Provided entries START

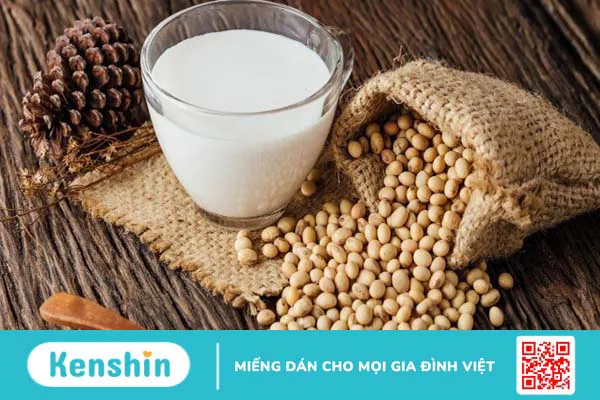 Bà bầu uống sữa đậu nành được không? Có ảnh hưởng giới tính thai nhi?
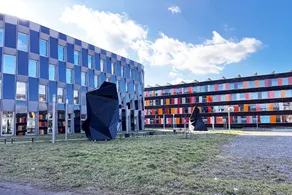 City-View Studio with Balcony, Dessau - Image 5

Provided entries END
Provided entries START

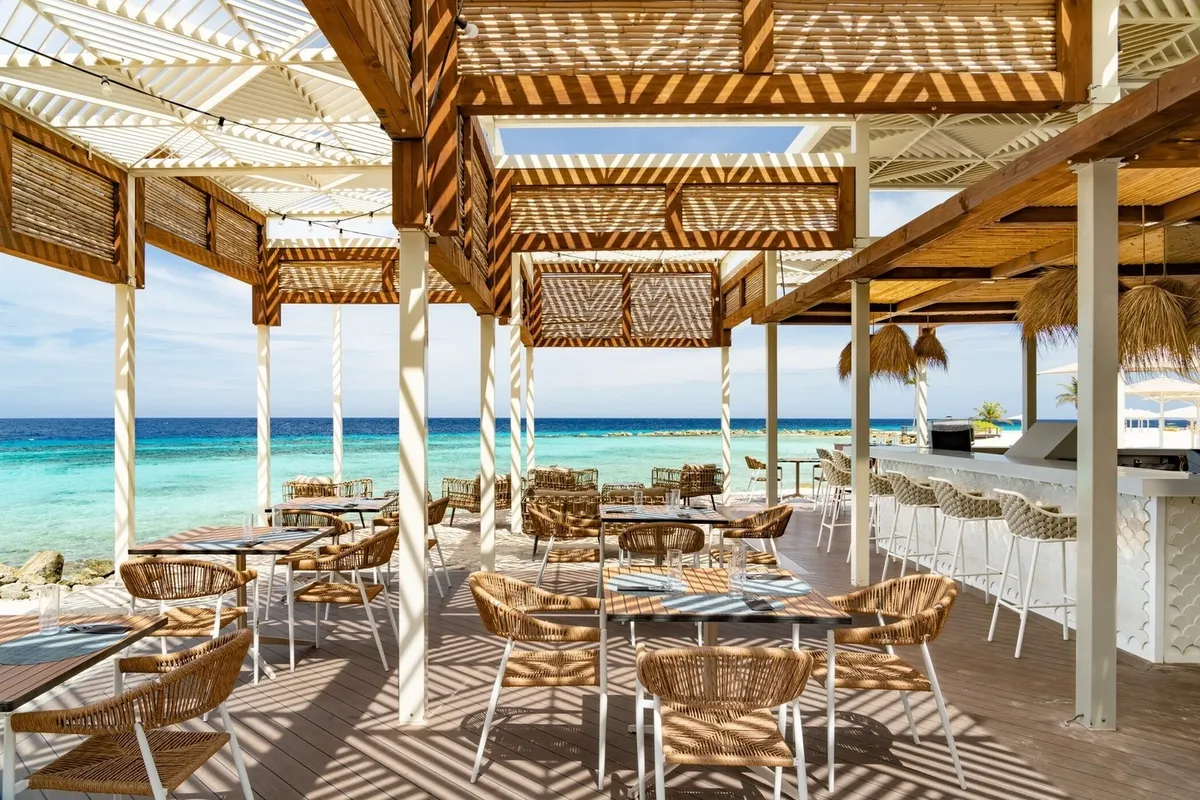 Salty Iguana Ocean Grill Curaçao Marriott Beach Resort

Provided entries END

**Problem to solve:** Skip every picture, and restate word for word only the lines above from the line containing "Bà bầu uống" to the line containing "City-View Studio with", both of them included.

**Exercise solution:**
 Bà bầu uống sữa đậu nành được không? Có ảnh hưởng giới tính thai nhi?
 City-View Studio with Balcony, Dessau - Image 5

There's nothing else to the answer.